In drafting restrictive covenants, companies often seek the certainty of a “no fly zone” type of restriction on former employees or business partners. Such an arrangement goes further than a traditional non-solicitation provision because they prevent the restricted party from accepting business from certain customers, not just a restriction on reaching out to solicit that business. “No fly zones” are seen as advantageous compared to traditional non-solicitation clauses because they avoid the subjectivity of determining whether certain business can be traced to a solicitation. However, in a recent order, a federal district court in Massachusetts ruled that a “no fly zone” restriction could be unenforceable under Massachusetts law because the restrictions were not reasonable.

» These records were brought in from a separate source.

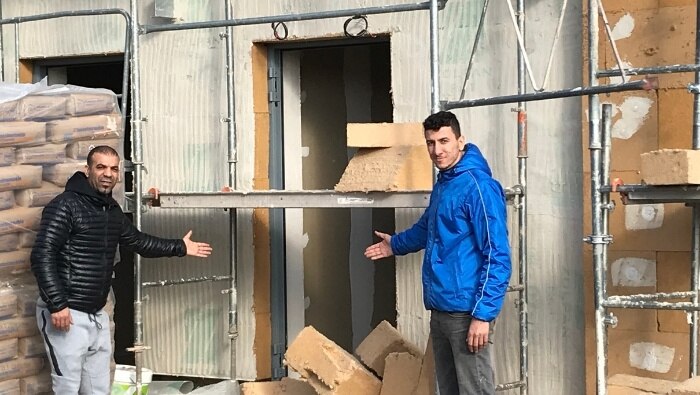 Un toit, un lit pour les compagnons d’Emmaüs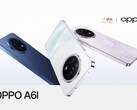 Az Oppo A6L fehér, kék és rózsaszín színben kapható (Kép forrása: Oppo)
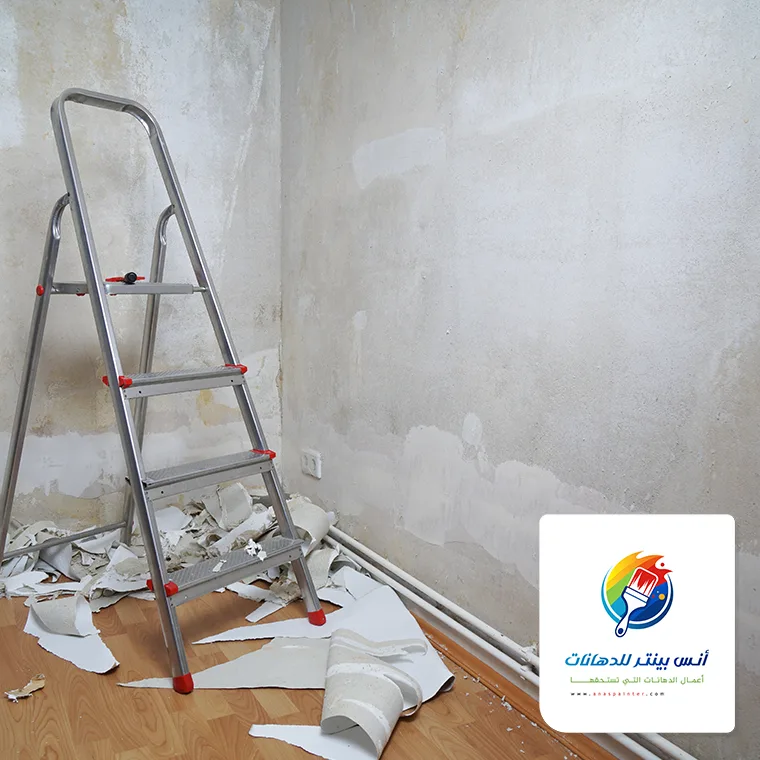 علاج رطوبة الجدران بجدة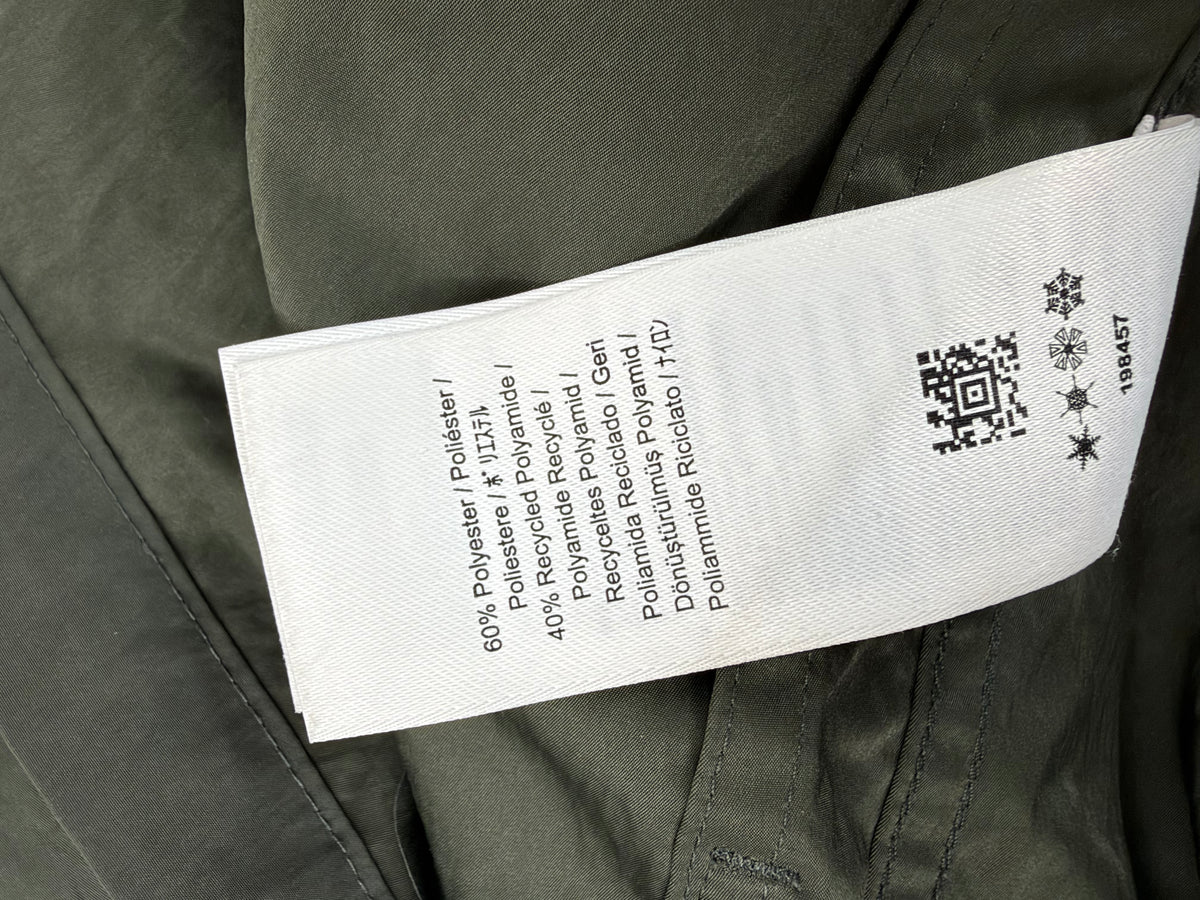 Fred Perry Green Utility Windbreaker - XL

The action arose from the termination of a multi-level-marketing contract under which plaintiffs sold defendants’ jewelry. Plaintiffs sought a declaration that the “non-solicitation” provision of the agreement is unenforceable. Under familiar Massachusetts law, a non-solicitation provision is enforceable only if it is “necessary to protect a legitimate business interest, reasonably limited in time and space, and consistent with the public interest.” See 178 Lowell Street Operating Co., LLC v. Nichols, 152 F. Supp. 3d 47, 54 (D. Mass. 2016). The plaintiffs argued that a provision that went beyond prohibiting solicitation and restricted them from accepting business from certain customers was unreasonably broad in scope, and therefore does not protect a legitimate business interest. The plaintiffs argued that the provision effectively forced certain distributors to remain in business with the defendant.

The court held that the non-solicitation provision “may be unenforceable to the extent that it restricts plaintiffs from accepting business that they did not solicit.” Citing Corporate Technologies, Inc. v. Harnett, 943 F. Supp. 2d 233, 238–39 (D. Mass. 2013), the district court ruled that “[a] non-solicitation agreement does not prevent a company from receiving business initiated by the client with no direct or indirect participation by the individual employee bound by the non-solicitation agreement. To hold otherwise would bind third parties to agreements they did not sign or agree to.” In analyzing the contract, the court found that the language of the non-solicitation provision runs “directly afoul of the proposition stated in Harnett” by limiting the freedom of non-contracting third parties to approach plaintiffs. On a motion to dismiss standard, the district court ruled the plaintiffs’ amended complaint plausibly stated a claim that the non-solicitation clause was not enforceable.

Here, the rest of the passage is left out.